Edmundite Bishop Moses Anderson, auxiliary bishop of Detroit, ordained him in 1996.

The seeds of Father Cummings’ vocation were planted when he was growing up in Jersey City, New Jersey, the youngest of the five children of a policeman/iron worker in construction and a stay-at-home mother. He attended Catholic elementary and high schools.

Father Timothy Shugrue, a parochial vicar at his parish, suggested the teen think about becoming a priest, something Brian already had been contemplating. Those thoughts were nurtured in the Jesuit high school he attended and then at St. Michael’s College, from which he graduated in 1986 with a bachelor’s degree in accounting.

The future priest worked in the accounting profession until he entered the Society of St. Edmund formation program in 1990, later earning a master of divinity degree in 1996 from the Weston Jesuit School of Theology.

His priestly work has centered on campus ministry and teaching religious studies and accounting at St. Michael’s College and serving as spiritual director of St. Anne’s

Shrine in Isle LaMotte, a ministry of the Society of St. Edmund.

Currently the director of Edmundite Campus Ministry at the College, Father Cummings continues his role at the shrine while serving as the chairman of the board of the Selma, Alabama-based Edmundite Southern Missions.

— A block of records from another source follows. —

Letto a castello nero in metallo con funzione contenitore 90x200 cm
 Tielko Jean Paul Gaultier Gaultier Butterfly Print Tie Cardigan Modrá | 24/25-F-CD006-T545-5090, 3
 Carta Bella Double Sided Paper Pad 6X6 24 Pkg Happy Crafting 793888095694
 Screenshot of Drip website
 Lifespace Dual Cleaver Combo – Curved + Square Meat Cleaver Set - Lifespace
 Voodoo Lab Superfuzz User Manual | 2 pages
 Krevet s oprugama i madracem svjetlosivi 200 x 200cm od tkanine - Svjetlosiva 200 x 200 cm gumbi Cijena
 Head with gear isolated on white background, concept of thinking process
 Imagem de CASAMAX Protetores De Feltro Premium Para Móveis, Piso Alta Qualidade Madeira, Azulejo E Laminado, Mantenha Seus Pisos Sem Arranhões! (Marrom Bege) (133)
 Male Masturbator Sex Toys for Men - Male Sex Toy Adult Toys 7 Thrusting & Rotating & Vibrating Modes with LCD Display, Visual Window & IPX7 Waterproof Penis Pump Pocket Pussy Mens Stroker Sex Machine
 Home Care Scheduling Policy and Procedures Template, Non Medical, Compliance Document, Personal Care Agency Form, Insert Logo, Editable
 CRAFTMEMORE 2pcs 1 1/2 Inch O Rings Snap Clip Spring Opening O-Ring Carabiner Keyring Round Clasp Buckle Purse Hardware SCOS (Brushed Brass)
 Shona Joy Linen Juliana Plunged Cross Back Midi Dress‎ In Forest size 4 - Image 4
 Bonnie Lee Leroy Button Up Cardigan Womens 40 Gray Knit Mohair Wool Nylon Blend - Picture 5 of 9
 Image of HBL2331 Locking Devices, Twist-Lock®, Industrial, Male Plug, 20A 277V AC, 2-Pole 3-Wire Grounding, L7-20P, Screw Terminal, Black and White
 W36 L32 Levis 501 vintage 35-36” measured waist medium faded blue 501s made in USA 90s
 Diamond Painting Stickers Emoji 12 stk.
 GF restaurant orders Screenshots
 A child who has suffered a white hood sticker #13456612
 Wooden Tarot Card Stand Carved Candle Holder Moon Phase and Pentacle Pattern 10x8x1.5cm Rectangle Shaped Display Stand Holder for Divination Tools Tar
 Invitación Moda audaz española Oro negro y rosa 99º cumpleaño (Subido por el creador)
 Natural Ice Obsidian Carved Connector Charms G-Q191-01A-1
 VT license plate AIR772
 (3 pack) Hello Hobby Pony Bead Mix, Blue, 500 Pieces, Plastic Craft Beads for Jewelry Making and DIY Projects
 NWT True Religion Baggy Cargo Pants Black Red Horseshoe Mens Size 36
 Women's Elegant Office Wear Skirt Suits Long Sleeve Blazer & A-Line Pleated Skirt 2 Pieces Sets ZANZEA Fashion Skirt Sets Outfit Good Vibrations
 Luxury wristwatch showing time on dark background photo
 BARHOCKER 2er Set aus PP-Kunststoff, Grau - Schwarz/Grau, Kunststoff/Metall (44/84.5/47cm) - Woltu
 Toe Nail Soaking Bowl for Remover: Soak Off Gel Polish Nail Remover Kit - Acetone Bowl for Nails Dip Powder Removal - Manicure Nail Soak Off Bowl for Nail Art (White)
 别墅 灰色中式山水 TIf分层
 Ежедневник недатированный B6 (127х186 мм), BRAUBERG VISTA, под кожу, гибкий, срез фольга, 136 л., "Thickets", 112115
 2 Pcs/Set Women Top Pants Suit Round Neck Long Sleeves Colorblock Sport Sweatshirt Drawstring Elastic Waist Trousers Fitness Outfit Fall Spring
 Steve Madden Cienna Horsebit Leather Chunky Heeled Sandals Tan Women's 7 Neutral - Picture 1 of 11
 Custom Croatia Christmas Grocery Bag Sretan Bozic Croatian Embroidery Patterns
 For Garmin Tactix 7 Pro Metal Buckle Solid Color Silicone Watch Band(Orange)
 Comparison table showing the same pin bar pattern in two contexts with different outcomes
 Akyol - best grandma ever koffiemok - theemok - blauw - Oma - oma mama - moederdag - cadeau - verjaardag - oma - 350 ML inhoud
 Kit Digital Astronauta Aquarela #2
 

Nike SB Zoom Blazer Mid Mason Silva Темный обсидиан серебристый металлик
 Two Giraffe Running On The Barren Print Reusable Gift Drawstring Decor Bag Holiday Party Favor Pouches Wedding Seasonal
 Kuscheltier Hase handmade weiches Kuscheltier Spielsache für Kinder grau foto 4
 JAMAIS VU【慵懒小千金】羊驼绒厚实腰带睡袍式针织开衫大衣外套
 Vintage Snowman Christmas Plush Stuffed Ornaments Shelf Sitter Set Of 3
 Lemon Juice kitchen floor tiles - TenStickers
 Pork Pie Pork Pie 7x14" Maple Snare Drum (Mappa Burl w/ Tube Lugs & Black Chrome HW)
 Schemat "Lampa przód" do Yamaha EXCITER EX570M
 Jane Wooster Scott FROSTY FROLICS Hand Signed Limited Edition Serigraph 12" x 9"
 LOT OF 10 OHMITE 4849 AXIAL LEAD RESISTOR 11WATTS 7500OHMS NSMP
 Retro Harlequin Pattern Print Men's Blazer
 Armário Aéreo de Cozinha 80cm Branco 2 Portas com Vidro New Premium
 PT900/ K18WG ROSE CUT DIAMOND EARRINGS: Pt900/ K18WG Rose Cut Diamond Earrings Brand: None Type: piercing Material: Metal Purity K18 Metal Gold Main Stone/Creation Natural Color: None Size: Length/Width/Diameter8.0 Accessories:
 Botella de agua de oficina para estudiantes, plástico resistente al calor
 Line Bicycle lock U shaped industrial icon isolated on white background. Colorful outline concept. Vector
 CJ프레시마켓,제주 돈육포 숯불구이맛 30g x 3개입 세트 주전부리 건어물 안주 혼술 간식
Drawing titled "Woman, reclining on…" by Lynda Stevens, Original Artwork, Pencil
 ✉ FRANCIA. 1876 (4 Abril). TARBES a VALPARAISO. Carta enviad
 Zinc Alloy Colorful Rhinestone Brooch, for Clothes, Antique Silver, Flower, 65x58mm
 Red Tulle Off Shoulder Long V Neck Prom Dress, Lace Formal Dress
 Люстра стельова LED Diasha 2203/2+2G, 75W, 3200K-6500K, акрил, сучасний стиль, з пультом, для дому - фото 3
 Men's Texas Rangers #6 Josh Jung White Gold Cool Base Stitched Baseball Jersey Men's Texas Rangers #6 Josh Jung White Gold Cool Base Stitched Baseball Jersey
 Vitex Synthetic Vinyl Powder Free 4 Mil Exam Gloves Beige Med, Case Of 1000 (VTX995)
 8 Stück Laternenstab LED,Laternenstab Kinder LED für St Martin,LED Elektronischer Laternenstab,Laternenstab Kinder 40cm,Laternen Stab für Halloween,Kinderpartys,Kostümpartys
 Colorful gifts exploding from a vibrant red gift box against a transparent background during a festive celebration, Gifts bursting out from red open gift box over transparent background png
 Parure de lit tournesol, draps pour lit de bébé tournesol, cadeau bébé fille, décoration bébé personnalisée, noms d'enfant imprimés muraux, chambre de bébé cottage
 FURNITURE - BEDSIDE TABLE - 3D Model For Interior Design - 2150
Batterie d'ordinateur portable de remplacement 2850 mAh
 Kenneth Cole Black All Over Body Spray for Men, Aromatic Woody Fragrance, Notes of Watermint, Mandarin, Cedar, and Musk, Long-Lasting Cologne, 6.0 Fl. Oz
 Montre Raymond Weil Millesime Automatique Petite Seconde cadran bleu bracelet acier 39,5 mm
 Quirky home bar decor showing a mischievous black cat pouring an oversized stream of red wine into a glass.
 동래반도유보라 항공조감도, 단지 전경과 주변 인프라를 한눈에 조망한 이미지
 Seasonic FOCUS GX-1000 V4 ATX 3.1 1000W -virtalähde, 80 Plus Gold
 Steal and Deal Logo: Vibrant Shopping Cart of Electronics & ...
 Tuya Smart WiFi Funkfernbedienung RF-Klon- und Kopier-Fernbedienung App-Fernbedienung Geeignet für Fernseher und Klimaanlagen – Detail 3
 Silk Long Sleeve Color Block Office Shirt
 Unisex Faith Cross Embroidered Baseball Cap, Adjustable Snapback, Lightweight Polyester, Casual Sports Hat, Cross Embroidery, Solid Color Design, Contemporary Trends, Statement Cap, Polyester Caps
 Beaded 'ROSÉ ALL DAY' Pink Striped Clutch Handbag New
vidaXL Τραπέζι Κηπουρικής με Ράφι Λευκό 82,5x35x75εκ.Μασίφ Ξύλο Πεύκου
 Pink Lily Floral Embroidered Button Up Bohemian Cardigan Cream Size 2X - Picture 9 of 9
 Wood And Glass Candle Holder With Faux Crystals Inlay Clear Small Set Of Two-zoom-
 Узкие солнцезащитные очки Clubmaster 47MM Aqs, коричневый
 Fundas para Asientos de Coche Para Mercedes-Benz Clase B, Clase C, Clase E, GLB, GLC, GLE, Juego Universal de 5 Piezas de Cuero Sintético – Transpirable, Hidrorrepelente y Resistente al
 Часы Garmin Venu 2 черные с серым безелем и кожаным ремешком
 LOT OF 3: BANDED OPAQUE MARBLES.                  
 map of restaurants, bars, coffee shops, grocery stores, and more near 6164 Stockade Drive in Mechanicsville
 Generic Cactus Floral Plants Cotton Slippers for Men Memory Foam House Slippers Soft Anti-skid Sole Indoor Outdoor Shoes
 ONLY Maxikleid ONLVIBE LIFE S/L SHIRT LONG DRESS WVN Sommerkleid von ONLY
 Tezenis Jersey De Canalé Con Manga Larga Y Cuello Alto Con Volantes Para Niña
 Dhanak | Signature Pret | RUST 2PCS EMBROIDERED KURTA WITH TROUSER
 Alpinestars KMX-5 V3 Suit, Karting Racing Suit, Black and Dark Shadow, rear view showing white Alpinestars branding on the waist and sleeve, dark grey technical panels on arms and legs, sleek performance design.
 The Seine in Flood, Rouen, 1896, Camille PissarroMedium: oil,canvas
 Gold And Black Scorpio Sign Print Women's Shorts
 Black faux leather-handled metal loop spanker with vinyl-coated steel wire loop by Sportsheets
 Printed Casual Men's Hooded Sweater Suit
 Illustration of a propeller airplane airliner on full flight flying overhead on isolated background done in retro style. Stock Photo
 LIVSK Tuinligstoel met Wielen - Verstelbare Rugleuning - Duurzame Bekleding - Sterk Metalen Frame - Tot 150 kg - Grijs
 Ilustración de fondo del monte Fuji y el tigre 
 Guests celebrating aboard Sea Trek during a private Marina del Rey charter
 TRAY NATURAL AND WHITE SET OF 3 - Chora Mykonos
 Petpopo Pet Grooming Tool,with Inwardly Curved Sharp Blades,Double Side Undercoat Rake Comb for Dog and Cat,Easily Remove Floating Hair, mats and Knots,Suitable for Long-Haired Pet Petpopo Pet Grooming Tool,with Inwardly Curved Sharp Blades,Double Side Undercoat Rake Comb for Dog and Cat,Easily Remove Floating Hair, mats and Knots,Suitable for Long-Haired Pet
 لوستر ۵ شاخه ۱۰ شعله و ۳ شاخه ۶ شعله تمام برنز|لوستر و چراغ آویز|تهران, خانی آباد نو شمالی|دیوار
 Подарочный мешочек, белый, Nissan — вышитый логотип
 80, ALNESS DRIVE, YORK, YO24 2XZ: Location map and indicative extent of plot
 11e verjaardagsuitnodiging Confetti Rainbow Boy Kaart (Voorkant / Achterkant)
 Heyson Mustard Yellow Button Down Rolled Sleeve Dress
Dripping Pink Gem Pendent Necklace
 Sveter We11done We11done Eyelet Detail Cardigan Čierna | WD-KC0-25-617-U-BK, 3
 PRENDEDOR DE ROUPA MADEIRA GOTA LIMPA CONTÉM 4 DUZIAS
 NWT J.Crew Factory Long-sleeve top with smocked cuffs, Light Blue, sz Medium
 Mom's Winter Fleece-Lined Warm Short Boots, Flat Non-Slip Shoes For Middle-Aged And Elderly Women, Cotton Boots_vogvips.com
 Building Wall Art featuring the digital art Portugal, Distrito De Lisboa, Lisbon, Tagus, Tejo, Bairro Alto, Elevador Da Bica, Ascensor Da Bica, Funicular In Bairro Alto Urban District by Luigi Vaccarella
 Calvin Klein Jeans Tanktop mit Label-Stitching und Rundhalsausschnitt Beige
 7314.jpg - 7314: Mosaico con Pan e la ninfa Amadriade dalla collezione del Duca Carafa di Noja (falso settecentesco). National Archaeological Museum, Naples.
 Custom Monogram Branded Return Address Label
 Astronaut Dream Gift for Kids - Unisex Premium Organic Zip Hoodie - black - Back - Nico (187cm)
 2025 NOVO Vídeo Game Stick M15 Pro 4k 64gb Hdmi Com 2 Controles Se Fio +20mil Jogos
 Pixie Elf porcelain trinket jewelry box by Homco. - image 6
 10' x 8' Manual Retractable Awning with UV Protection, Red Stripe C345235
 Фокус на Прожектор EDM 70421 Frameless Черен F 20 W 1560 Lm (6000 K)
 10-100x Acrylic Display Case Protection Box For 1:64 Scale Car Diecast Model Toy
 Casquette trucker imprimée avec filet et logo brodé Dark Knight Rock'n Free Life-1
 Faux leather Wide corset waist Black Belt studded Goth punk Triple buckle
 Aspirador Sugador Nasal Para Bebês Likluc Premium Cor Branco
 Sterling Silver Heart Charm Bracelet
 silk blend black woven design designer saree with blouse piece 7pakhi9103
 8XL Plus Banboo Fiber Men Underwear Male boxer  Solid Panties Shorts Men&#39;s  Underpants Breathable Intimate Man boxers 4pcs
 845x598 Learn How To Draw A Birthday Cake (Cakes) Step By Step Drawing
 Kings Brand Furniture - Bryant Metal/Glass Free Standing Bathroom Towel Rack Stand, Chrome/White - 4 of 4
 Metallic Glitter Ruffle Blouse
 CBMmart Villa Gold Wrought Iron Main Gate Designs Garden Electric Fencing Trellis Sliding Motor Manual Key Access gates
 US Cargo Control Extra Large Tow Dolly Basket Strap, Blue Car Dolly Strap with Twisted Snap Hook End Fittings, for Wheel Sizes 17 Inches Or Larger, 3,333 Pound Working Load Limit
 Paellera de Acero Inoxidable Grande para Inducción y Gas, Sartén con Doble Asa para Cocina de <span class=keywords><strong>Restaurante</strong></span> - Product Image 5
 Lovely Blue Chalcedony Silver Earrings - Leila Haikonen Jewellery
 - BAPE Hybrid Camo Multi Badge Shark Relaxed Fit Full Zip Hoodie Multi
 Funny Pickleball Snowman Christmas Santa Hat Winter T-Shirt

Begun in 1937 by two priests from the Society of St. Edmund who answered Pope Pius XI’s call to minister to the African Americans of the deep South, the Edmundite Southern Missions provides a variety of programs to empower the people it serves through health, education, nutrition, clothing, housing, elder care, spiritual outreach and youth-oriented ministries.

The missions are part of the Edmundite heritage and help combat systemic racism, said Father Cummings who served in the missions, living and teaching in New Orleans while in formation with the Society of St. Edmund. “The Edmundite Southern Missions are an important work for us,” he said. “We have a lot of history there and the work we are doing there is very important.”

In addition to his work for the missions, Father Cummings serves the religious order and the college in numerous ways including as chaplain for the college fire and rescue squad, athletic department and alumni association; member of the college President’s Cabinet; first assistant/vice president of the Society of St. Edmund; and house treasurer and first assistant of the college Edmundite community.

A New York Yankees fan, he enjoys vacationing at the Jersey Shore, cooking/grilling, fishing, watching college basketball and running.

What he likes best about being a priest is the diversity of his ministry — campus and sacramental ministry, retreat work, higher education — and living in community.

For this former accountant, it all adds up to a meaningful priesthood.